JOSHUA HOLBROOK github : twitter

Why COBOL is (almost) worth learning (posted 04 Feb 2012)

Every once in a while, I decide to dive into something obscure. Y’know, for the lulz. A few days ago, I decided to take a look at cobol. After all, opencobol makes it pretty easy to run cobol scripts.

I have to admit though, I was surprised by cobol. I can’t say it’d be my first choice for a non-lulz project, but was almost surprisingly innovative considering its pedigree.

First, cobol is a relatively small language (here’s an almost painfully complete programmer’s guide). Despite being compiled (at least in this case), cobol almost feels like a scripting language, on par with basic. Part of this could be due to the heavy use of keywords, in what seems like a naive effort to make the language more readable (modern examples include inform 7), but I believe a lot of it is due to its unified data model. This data model is simultaneously cobol’s greatest insight, and yet its greatest downfall.

A little bit of history

As we’ve all probably heard, cobol was basically invented by Grace Hopper a really long time ago. In fact, the first official cobol standard was developed in [Fall 1959]. As it turns out, cobol is one of the oldest higher-level languages:

Each of these languages pioneered in different fields. Fortran is best for fast computation, whereas lisp is good for dealing with the sort of problems that tickle a hacker’s brain. Cobol, despite its Milton-esque reputation, was the earliest way to tackle the sort of problems that “CRUD apps” have to handle every day, and in fact its influence is still being felt in the sexiest of systems architectures today.

Tables in COBOL

Since day one, one of cobol’s main uses was handling persistent data. In the beginning, this meant reading and writing to a flat file.

Cobol has a special syntax for for defining “buffers” that looks something like this:

      *> Think of this as a bytes buffer.
       01 SomeString.
         03 SomeSubstring pic x(4) value 'foo '.
         03 SomeOtherSubstring pic x(7) value 'bar baz'.

Conceptually, you end up with a buffer here that looks like:

[foo bar baz]
  |     |_____SomeOtherSubstring

This method of describing buffers is used univerally, with a similar interface for all of the following:

  • variables
  • text files
  • the computer screen
  • ISAM indexed files (think berkeley db)

Databases and COBOL

So, some of the first applications written in cobol basically used these tables, stored in files to varying levels of sophistication, to store data. In fact, the same people that defined cobol also worked on some of the first databases. This work largely preceded relational databases, but it was with cobol that the concepts of not just databases but data description languages and data query languages were developed.

In a sense, cobol’s ISAM-based tables form some kind of reverse ORM.

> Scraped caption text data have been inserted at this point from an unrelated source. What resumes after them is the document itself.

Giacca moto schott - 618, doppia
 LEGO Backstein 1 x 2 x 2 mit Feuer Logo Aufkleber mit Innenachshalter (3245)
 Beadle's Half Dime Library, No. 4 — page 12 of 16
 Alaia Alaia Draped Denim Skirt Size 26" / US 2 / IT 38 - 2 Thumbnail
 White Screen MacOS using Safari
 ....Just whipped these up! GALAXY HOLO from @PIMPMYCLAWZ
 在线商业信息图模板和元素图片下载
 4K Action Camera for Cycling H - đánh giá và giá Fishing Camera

This exact same mechanism was also used to build user interfaces. For instance, here’s a quick and dirty html templating example I wrote so I could figure out how all this stuff works:

      *> ***************************************************************
      *> Holy shit cobol totally had templates
      *> ***************************************************************
       identification division.
       program-id. template.

       environment division.
       configuration section.

       input-output section.

       data division.
      *> file section.
      *> fd .
      *>     01 .

       working-storage section.
      *> Cobol allows you to map variable names to substrings. This is used
      *> (abused) to build up GUIs and such, and *also* to modify text in
      *> predictable locations of text files.
       01 HtmlTemplate.
          03 L1 pic X(6)          value '<html>'.
          03 L2 pic X(9)          value '  <head>'.
          03 L3 pic X(11)         value '    <title>'.
          03 L4.
            05 filler pic X(6)    value spaces.
            05 PageTitleX pic X(40).
          03 L5 pic X(12)         value '    </title>'.
          03 L6 pic X(10)         value '  </head>'.
          03 L7 pic X(8)          value '  <body>'.
          03 L8.
            05 filler pic x(8)    value '    <h1>'.
            05 PageTextX pic x(40).
          03 L9  pic x(9)         value '    </h1>'.
          03 L10 pic x(9)         value '  </body>'.
          03 L11 pic x(7)         value '</html>'.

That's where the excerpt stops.